Target qualities. Senders’ vocal cues may consciously or nonconsciously shift in response to the
situation that the sender is in (e.g., talking more softly when entering a library; quadrant 3) as well as
in response to other people (i.e., targets) who are in that situation with the sender. Infant-directed
speech and what has been called elderspeak (Kemper 1994) represent two examples of the latter
that might be situated in quadrants 2 and 3, respectively. When adults and children speak to babies,
changes in their timbre, pitch (higher), and speech rate (slower) have been observed, and they also
tend to use shorter and simpler sentences, more extreme vowels, and exaggerated emotional tones
(Kuhl et al. 1997, Piazza et al. 2017, Saint-Georges et al. 2013). Although variability in infant-
directed speech has been documented, it has been observed in many cultures, suggesting that it
may be an evolved solution to an adaptive problem (e.g., Broesch & Bryant 2017, Narayan &
McDermott 2016, Sulpizio et al. 2018). The informational value of infant-directed speech has
been examined; for example, Zangl & Mills (2007) found that infants show greater event-related
potentials (ERPs) to familiar and unfamiliar words spoken in infant-directed speech than to words
spoken in adult-directed speech.
With elderspeak, senders use some of the same vocal cues associated with infant-directed
talk—shorter sentences, slower speech, and higher pitch—when addressing the elderly (Kemper
1994). Elderspeak can be perceived as patronizing and may negatively impact elderly patients’
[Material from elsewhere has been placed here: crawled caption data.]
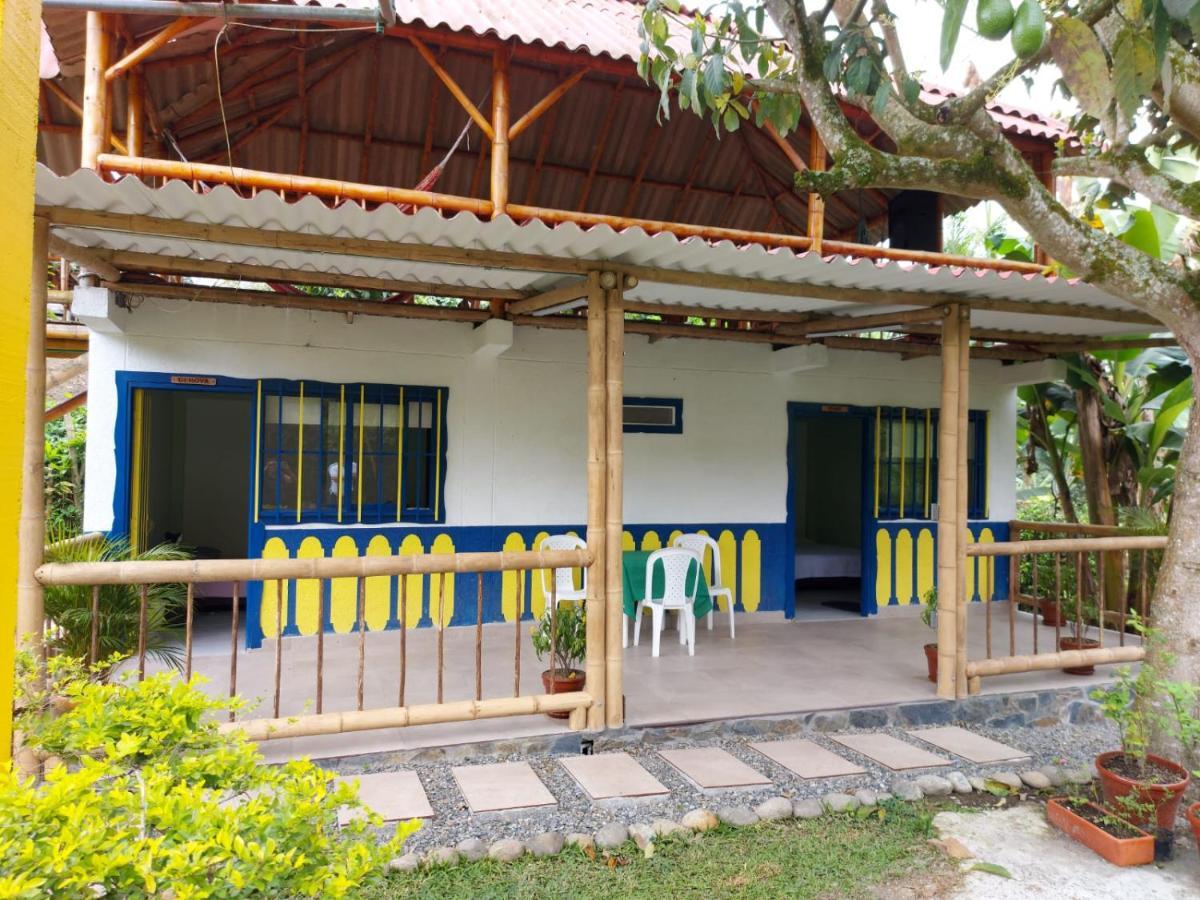 Chalet Villa Alejandra de Pilar Quimbaya Exterior foto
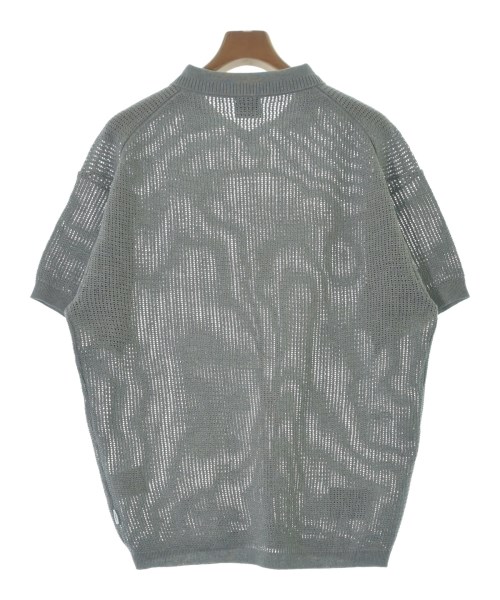 WTAPS（ダブルタップス）ニット・セーター グレー サイズ:02(M位) メンズ/2200687571055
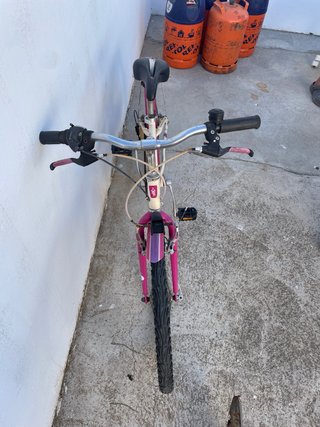 Bicicleta infantil Btwin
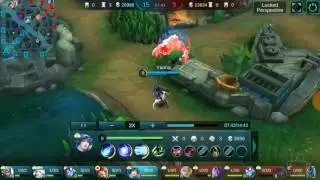 LAYLA PENTA KILL MOBILE LEGEND
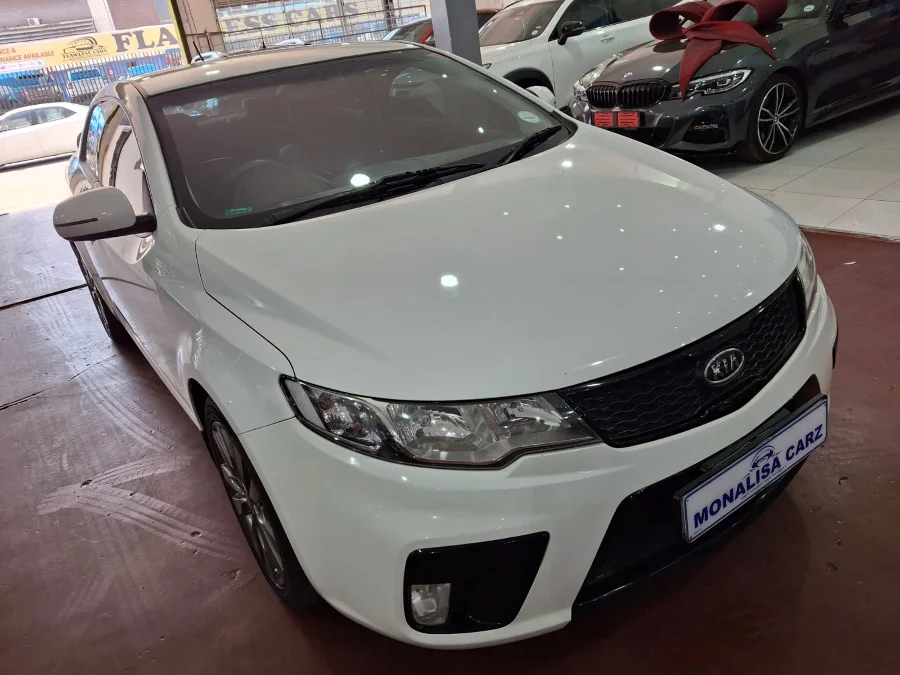 New 2013 Kia Cerato Koup 1.6T - Monalisa Carz New 2013 Kia Cerato Koup 1.6T - Monalisa Carz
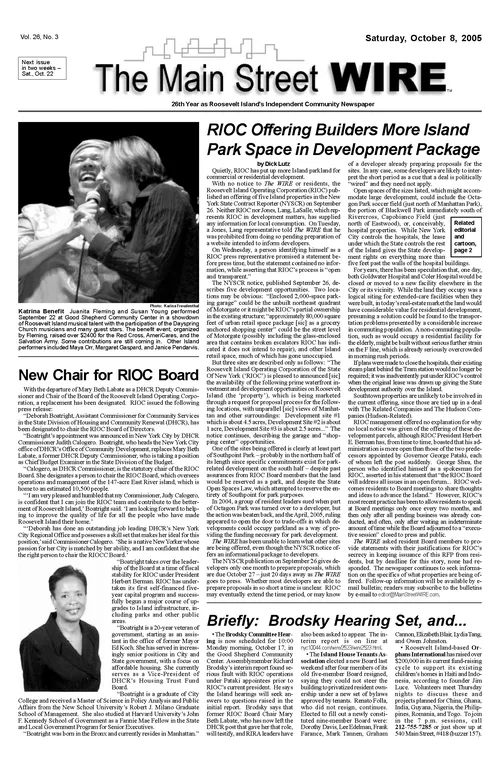 The Main Street WIRE - Volume 26, Issue 03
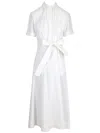 P.a.r.o.s.h Parosh Abito In White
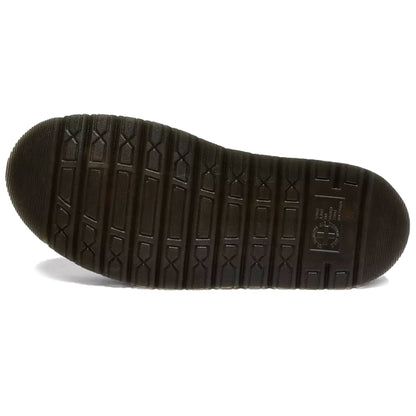 Dr. Martens San Mules - Black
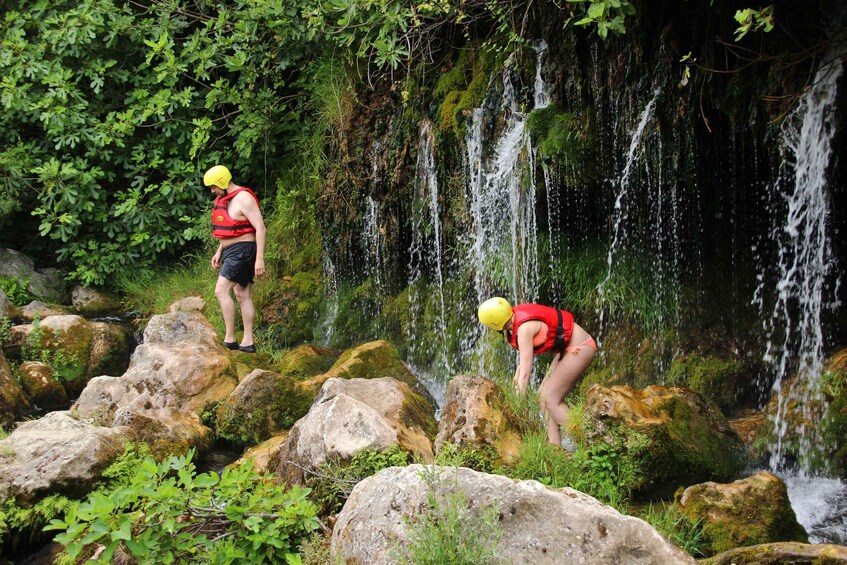 Picture 7 for Activity From Omiš: Cetina River Rafting Trip with Underwater Cave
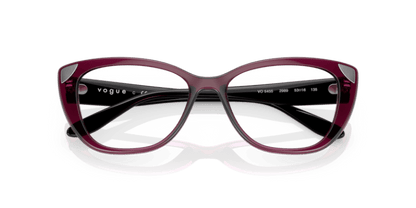 Transparent Cherry - 0VO5455 8056597712460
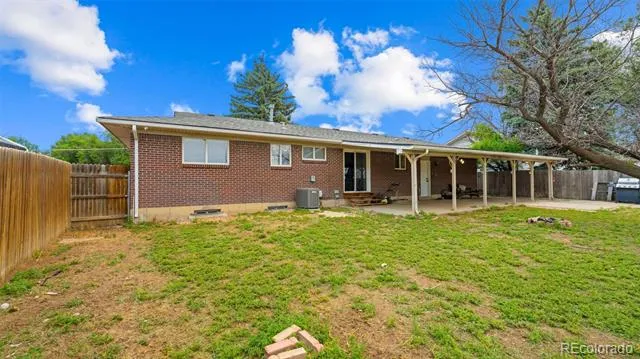 224 Harvard Street Colorado Springs, CO 80911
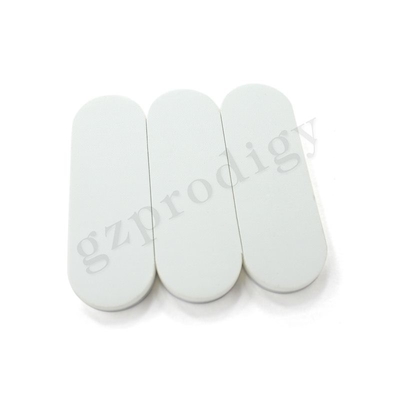 Prodigy EVA+PU Strip Bentuk Putih Tenang Dan Shock Absorbent Wall Bumper Door Stop
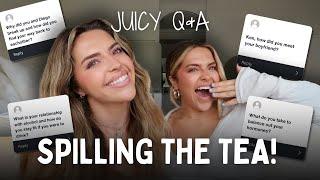 answering your most asked questions! // life, boys, love, health, & more!
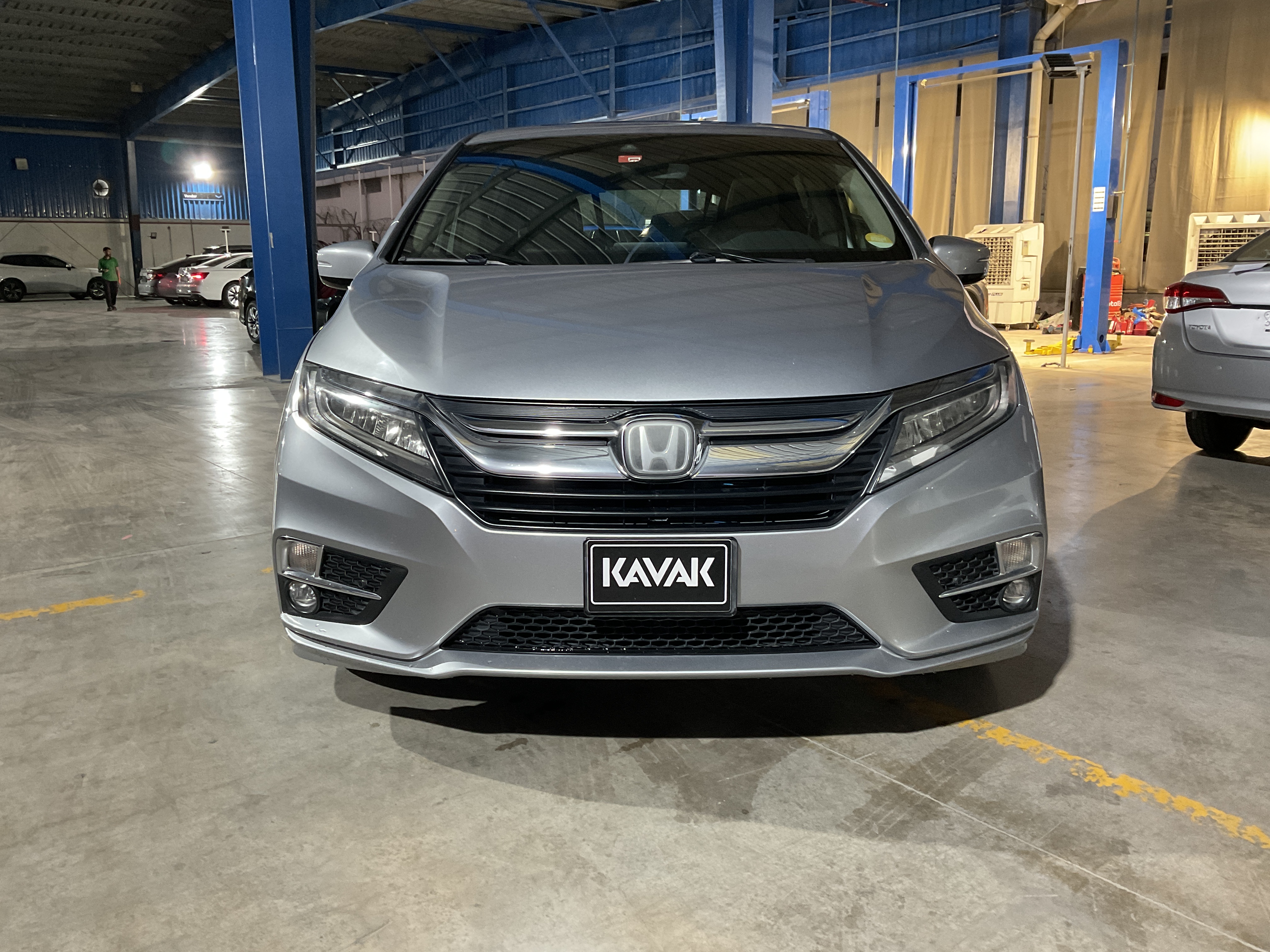 Honda Odyssey TOURING Van 2019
receptiveness to treatment (Ryan et al. 1995, Williams & Herman 2011). Less patronizing speech
directed toward more positively viewed elderly individuals, as well as the belief that elderspeak is
more appropriate for certain types of older clients, suggests the possible role of conscious processes
in the decision to switch to elderspeak (Lombardi et al. 2014, Thimm et al. 1998).